Chile verde burrito, $7.99
Looks plain and is plain, but the ingredients were top-notch. Creamy refried beans meshed with the tangy tomatillo-based verde sauce and bites of pork to make a satisfying burrito filling.
Carnitas enchiladas, $7.75
M. de Joie liked that the simple grilled carnitas taste didn’t get smothered with too much melty whatever goop. Just enough sauce and a feathery dusting of cheese was all the adornment the enchiladas needed. The rice was a bit dry but with savory, almost smoky flavor; more of those homemade refried beans on the side rounded out the plate.
Small chicken tortilla soup, $2.99
This was a special not offered on the regular menu, but it hit the spot on a cold day. A tomato-chili enhanced chicken broth with carrots, onions, celery and crisp tortilla chips was lighter than it looks and made a terrific lunch starter.
Combination plate of tamale and a carnitas taco, $8.00
It wasn’t listed on the menu board, but Las Dos Marias was happy to create this combination by request. A carnitas taco was one of the best tacos M. de Joie has had in a very long time – very juicy with tender pork, pico de gallo, and a dollop of guacamole on warm flour tortillas. Tamales are a house specialty – you can order them by the dozen – and this one was excellent, a generous amount of pork filling inside the masa case and slathered with a warm-ish red chili sauce.
Femme de Joie doesn’t cruise down Bechelli Lane much, but she’d be willing to make a detour for a lunch at Las Dos Marias. Inexpensive and well-prepared food with clean, unadulterated tastes is sometimes just what the doctor ordered, and this small unpretentious place fills the bill. Give it a try.
Las Dos Marias, 2640 Bechelli Lane, Redding, CA 96002. 530-226-8011. Open Monday through Saturday, 11:00 AM – 8:00 PM. Closed Sunday. Cards and cash, no checks. Vegetarian options. No alcohol. Parking lot. Drive-through window. Website at LasDosMarias.org or follow them on Facebook.
You would think a roadway as busy as Eureka Way would be lined with more and better restaurant options than having to order via a microphone and eat in your car, but most of the eateries are expressly designed to get you driving again as fast as possible. Maybe it has to do with the number of medical facilities and high schools on that street – necessary to be sure, but not really the sort of business zoning that attracts restaurants.
An oddly-shaped little plot at Eureka Way and 11th Street has been home to a series of sit-down restaurants. Back in the 1980s it housed a very good Italian restaurant, followed by (among others) the Donut Wheel, the ill-fated Avocado’s, Brick’s, and Uncle Mike’s Burgers. Uncle Mike’s had barely let the paint dry before Madayne took over, opening their second Redding location (the other on Hilltop Drive).
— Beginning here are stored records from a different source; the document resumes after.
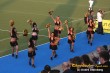 Thumbs/tn_IMG_3100.jpg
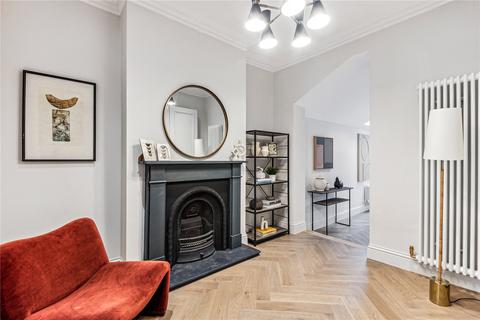 5 bedroom terraced house for sale - Stronsa Road, London, W12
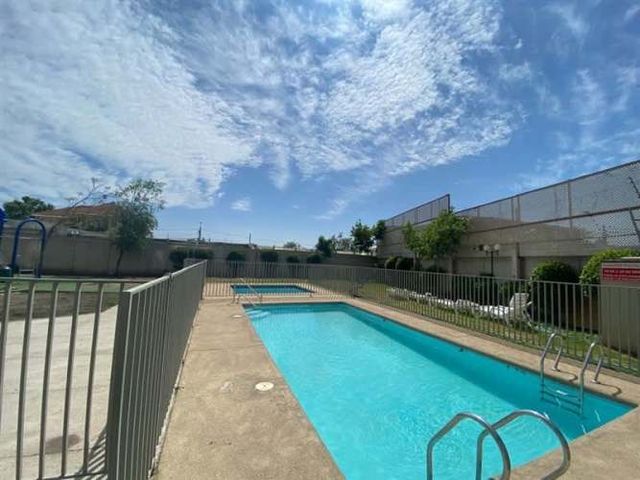 DEPARTAMENTO Santa Rosa 5741 San Miguel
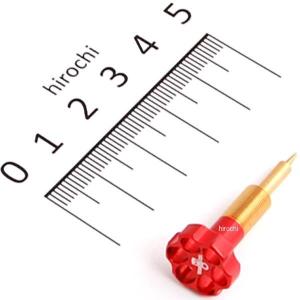 モンキー タイプZ ボアアップキット 88ccタイプ Sシリンダー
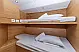 Elan Impression 45 - 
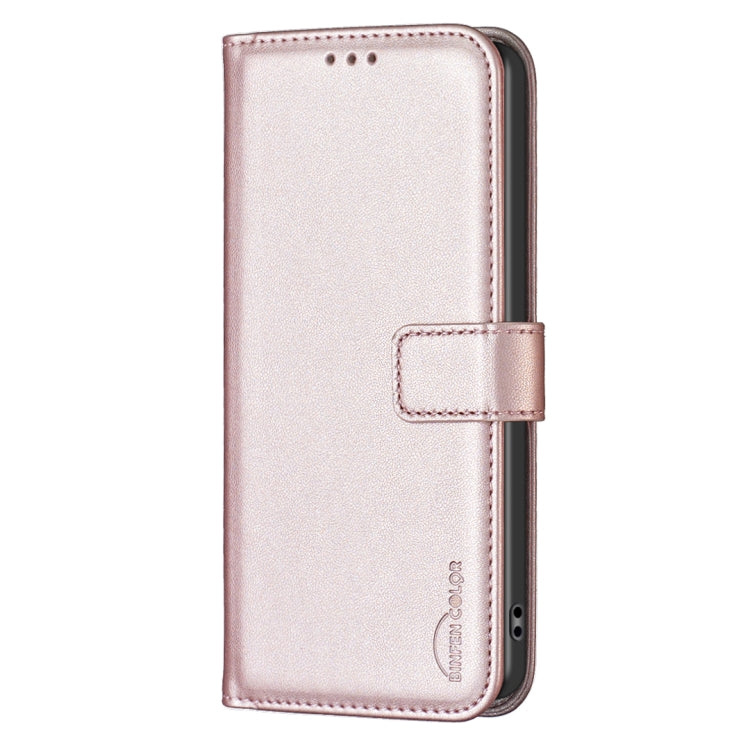 For Samsung Galaxy S25 Ultra 5G Magnetic Buckle Leather Phone Case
The dining room is relentlessly boxy, with small aqua wooden-topped tables and banquette seating along one wall and a lengthy counter on another, metal chairs to be moved around as needed. There’s a divided-off space in the center with picnic tables. When you walk in, order and pay at the counter (there is also another counter on the other side of the room which mainly serves coffee drinks), then take a seat and wait for your food to be delivered. While you wait, you can peruse the t-shirts, mugs, books, and coffee for sale.
On M. de Joie’s first visit, she ordered and then asked for a receipt but was abandoned by the cashier, so she never got it. She supposes the cashier had to confer with others in front of and behind the coffee bar who all seemed to be busily sending and receiving texts.
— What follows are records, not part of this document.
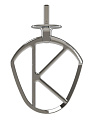 Kenwood насадка K-Beater XL KAT70.000SS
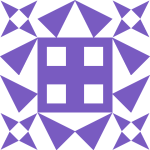 Avatar of move to Russia_nfsn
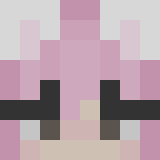 Niki Announcement Poster's icon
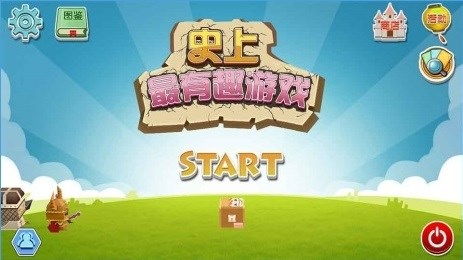 懒懒视频免费的追剧软件大全 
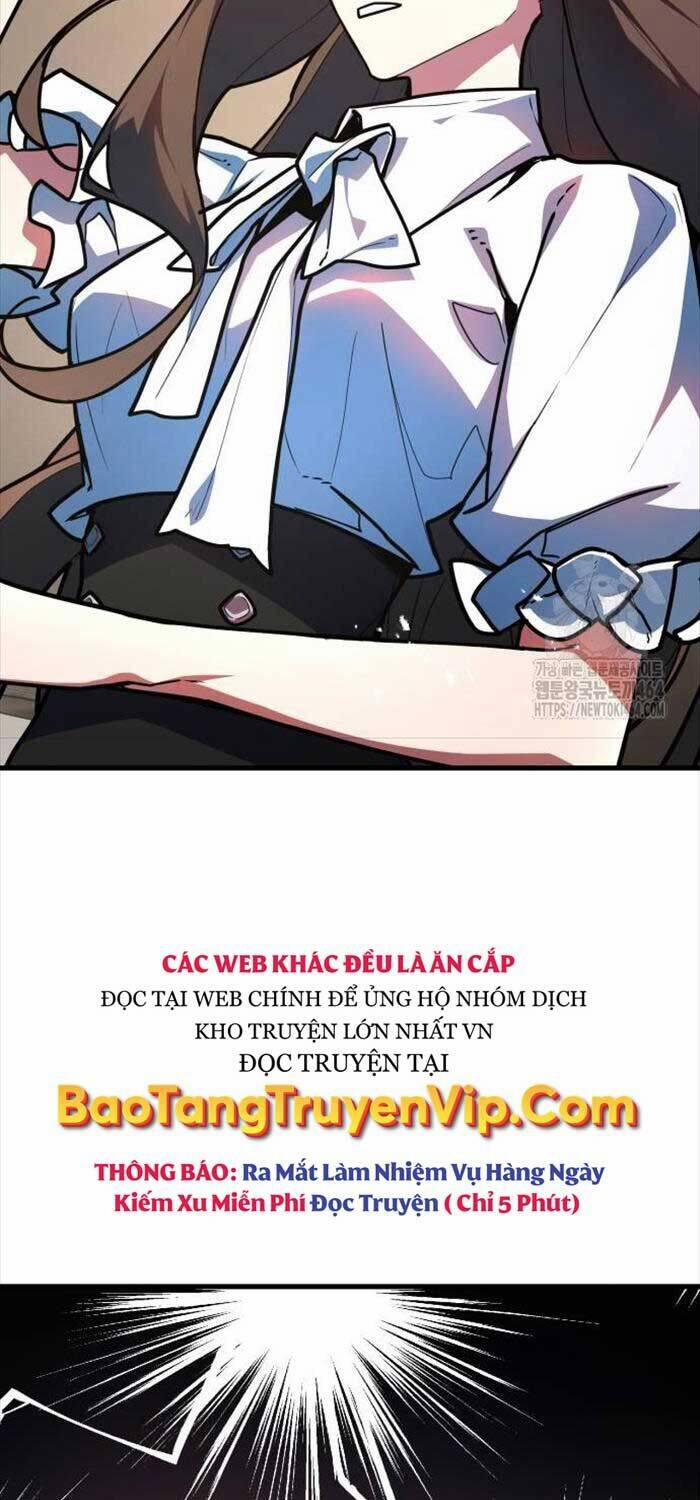 Quỷ Troll Mạnh Nhất Thế Giới 108 trang 78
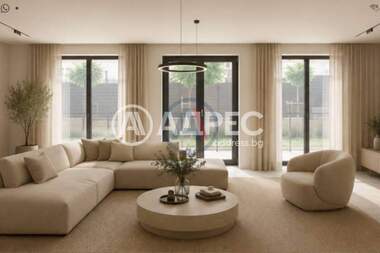 For sale - Apartment in Sveti Nikola,  Varna
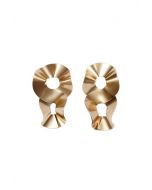 Kalevala Vetovoima korvakorut 7018/ modern 3670182T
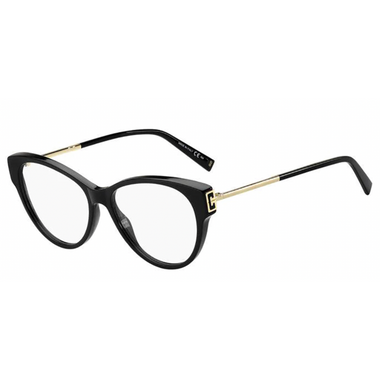 Givenchy Spectacle Frame | Model GV 0147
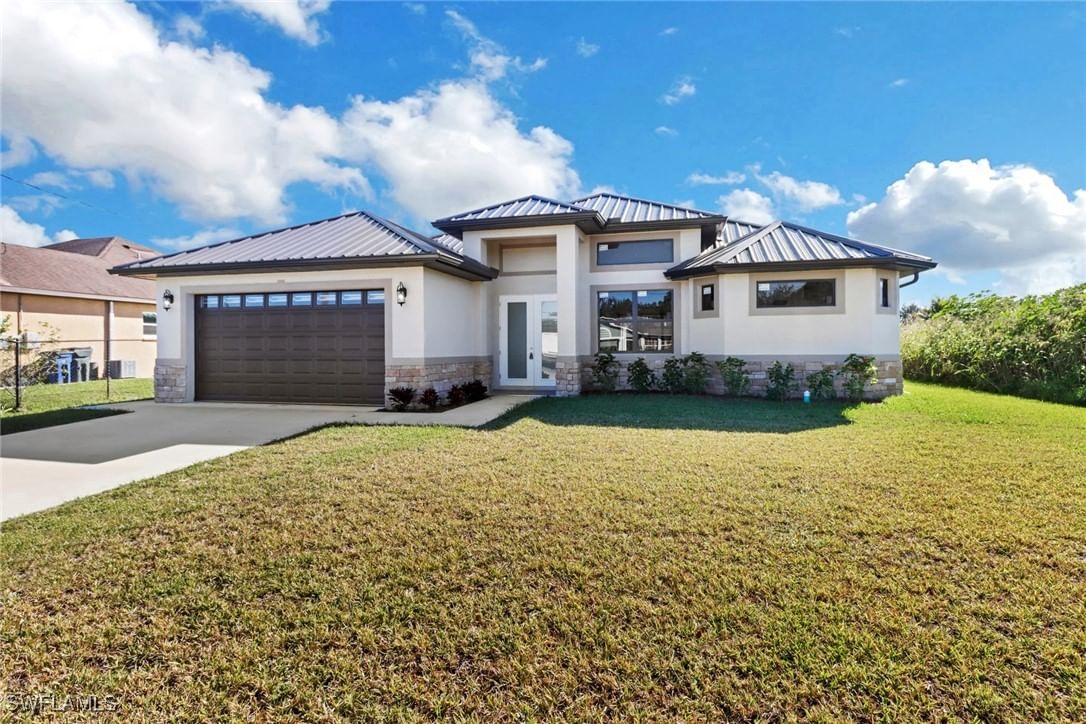 3303 16th Street W, Lehigh Acres, FL 33971 photo 3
Trinami sandwich, 1/2 $8.50, plus hummus & veggies, $1.00 with meal, $1.50 a la carte
Trinami is the name given to a sandwich built with smoked tri-tip, pastrami, Swiss cheese, and chipotle sauce on what the paper menu described as a baggett. The menu also said it came with fries, which were nowhere to be seen. While the sandwich was delicious, this was by far the smallest half-sandwich M. de Joie has encountered in a very long time. It was a good thing she ordered the hummus & veggies on the side since that $8.50 half sandwich was terribly lonely all by itself. It would have been nice to have a spoon or some other implement to scoop up the hummus after running out of baby carrots, but waitstaff was nowhere to be seen – maybe involved in a texting scheme to take over the world. Actually the hummus was very good scooped up with fingers.
Black and blue salad, half $9.50
M. de Joie was surprised at the generous serving of salad, given the incident with the half-sandwich, and wonders if they got it right or she was given the wrong portion. No way to check now. At any rate, the salad was delicious, with thinly-sliced warmly grilled tri-tip and a generous amount of blue cheese.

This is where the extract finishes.